Contributing documentation

The documentation for datatable project is written entirely in the ReStructured Text (RST) format and rendered using the Sphinx engine. These technologies are standard for Python.

The basic workflow for developing documentation, after setting up a local datatable repository, is to go into the docs/ directory and run

$ make html

After that, if there were no errors, the documentation can be viewed locally by opening the file docs/_build/html/index.html in a browser.

The make html command needs to be re-run after every change you make. Occasionally you may also need to make clean if something doesn’t seem to work properly.

Basic formatting

At the most basic level, RST document is a plain text, where paragraphs are separated with empty lines:

Lorem ipsum dolor sit amet, consectetur adipiscing elit, sed do eiusmod
tempor incididunt ut labore et dolore magna aliqua.

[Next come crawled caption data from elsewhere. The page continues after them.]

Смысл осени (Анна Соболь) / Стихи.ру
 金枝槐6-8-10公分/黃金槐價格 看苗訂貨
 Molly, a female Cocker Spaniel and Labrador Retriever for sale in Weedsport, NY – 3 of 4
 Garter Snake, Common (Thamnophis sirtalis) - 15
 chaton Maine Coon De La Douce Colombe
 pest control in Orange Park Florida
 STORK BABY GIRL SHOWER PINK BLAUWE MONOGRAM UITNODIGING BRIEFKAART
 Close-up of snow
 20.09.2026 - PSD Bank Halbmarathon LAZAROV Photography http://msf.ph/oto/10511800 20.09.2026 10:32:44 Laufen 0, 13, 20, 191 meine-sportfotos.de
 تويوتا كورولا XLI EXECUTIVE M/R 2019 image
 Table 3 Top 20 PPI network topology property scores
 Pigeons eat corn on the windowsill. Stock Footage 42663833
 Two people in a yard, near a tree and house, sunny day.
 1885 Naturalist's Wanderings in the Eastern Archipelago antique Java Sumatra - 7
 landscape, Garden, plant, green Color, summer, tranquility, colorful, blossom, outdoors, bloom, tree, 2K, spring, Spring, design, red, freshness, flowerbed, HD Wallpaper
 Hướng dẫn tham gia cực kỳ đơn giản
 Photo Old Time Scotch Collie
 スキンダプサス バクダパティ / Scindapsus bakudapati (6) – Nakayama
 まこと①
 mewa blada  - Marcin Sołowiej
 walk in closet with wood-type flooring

Ut enim ad minim veniam, quis nostrud exercitation ullamco laboris nisi ut
aliquip ex ea commodo consequat. Duis aute irure dolor in reprehenderit in
voluptate velit esse cillum dolore eu fugiat nulla pariatur.

The line breaks within each paragraph are ignored; on the rendered page the lines will be as wide as is necessary to fill the page. With that in mind, we ask to avoid lines that are longer than 80 characters in width, if possible. This makes it much easier to work with code on small screen devices.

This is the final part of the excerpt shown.